Answers to the review problems given Oct. 6 in class(^ indicates exponent):

1.(a) x^2-7x+10 = (x-5)(x-2). Cancelling, the limit is 1/3. (b) Divide top and bottom by x^3. The
numerator is then 3+2/x^2+1/x^3 which tens to 3in the limit. The denominator is |x^3|/x|3| +1/x^2
which tens to -1 in the limit. Thus the limit is -3. (c) Dividing numerator and denominator by theta,
the numerator is 1 and denominator is 1+tan(theta)/theta.
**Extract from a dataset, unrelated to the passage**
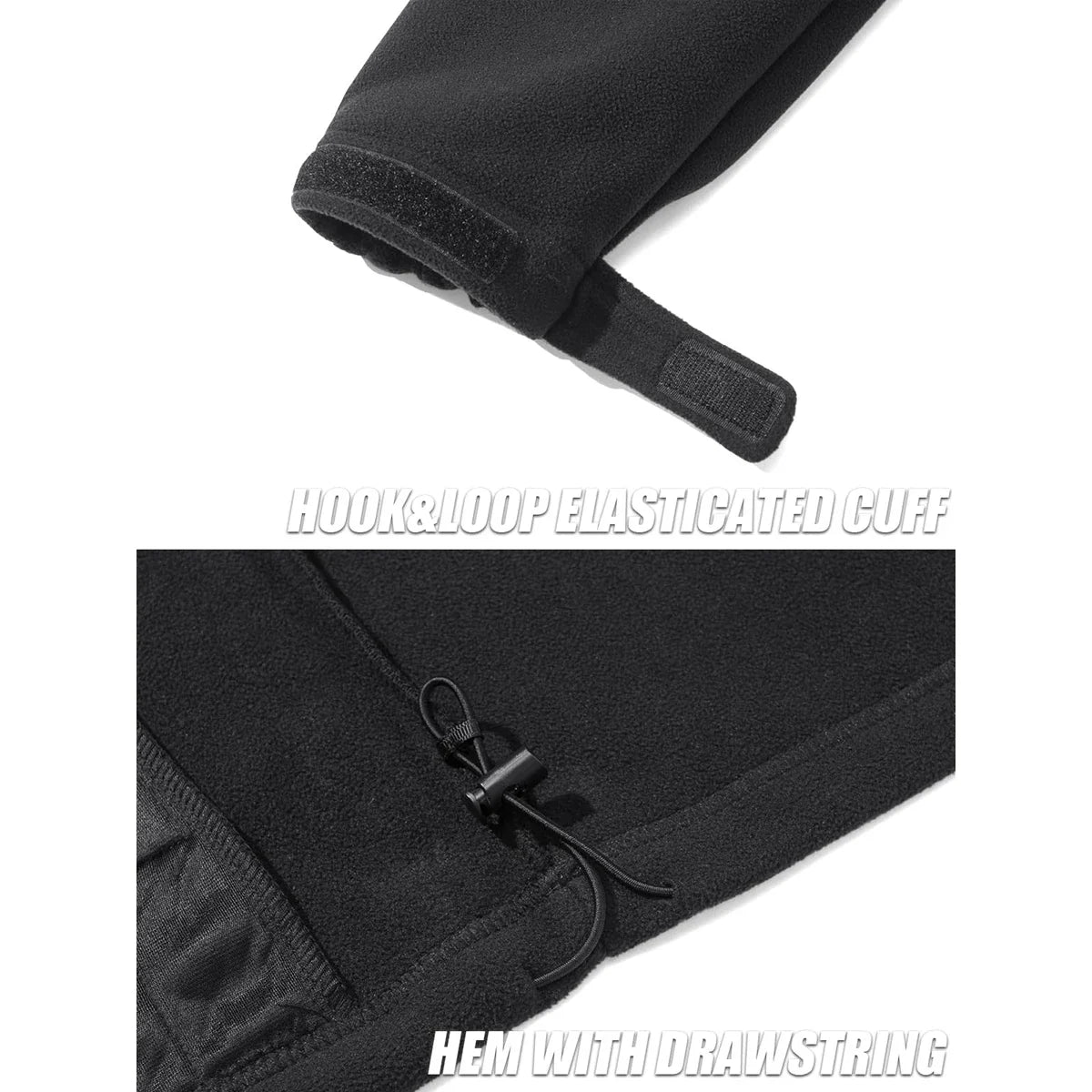 Men's Thermal Warm Fleece Jacket Stand Collar Full Zip Windbreaker Multiple-pockets Outerwear Working Hiking Coat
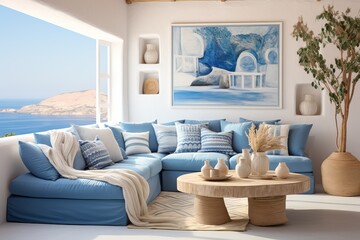 Large Light Blue and White Living Room in Mediterranean Style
Since tan is sin over cos, and 
sin(theta)/theta tends to 1, as does cos(theta), as theta tends to zero, the limit of the function is 1/2. 

2. 3x^2 -2x-5 tends to 3 as x tends to 2, as does x+1. So if we define c=3, the
function will be continuous at x=2.

3. The instantaneous velocity is f'(t)= 24-32t, and so it will be zero at time t=3/4. When t=2 
the instantaneous velocity is 24-64= -40.

4. 3 (sqrt(x+h)-sqrt(x) )= 3 (x+h-x)/(sqrt(x+h)+sqrt(x)). Dividing by h and taking the limit,
we get 3/2sqrt(x) for the derivative.

5. (a) f'(x)= -csc^2(x). (b) Use quotient rule. (c) f'(x)= e^x (cos x - sin x).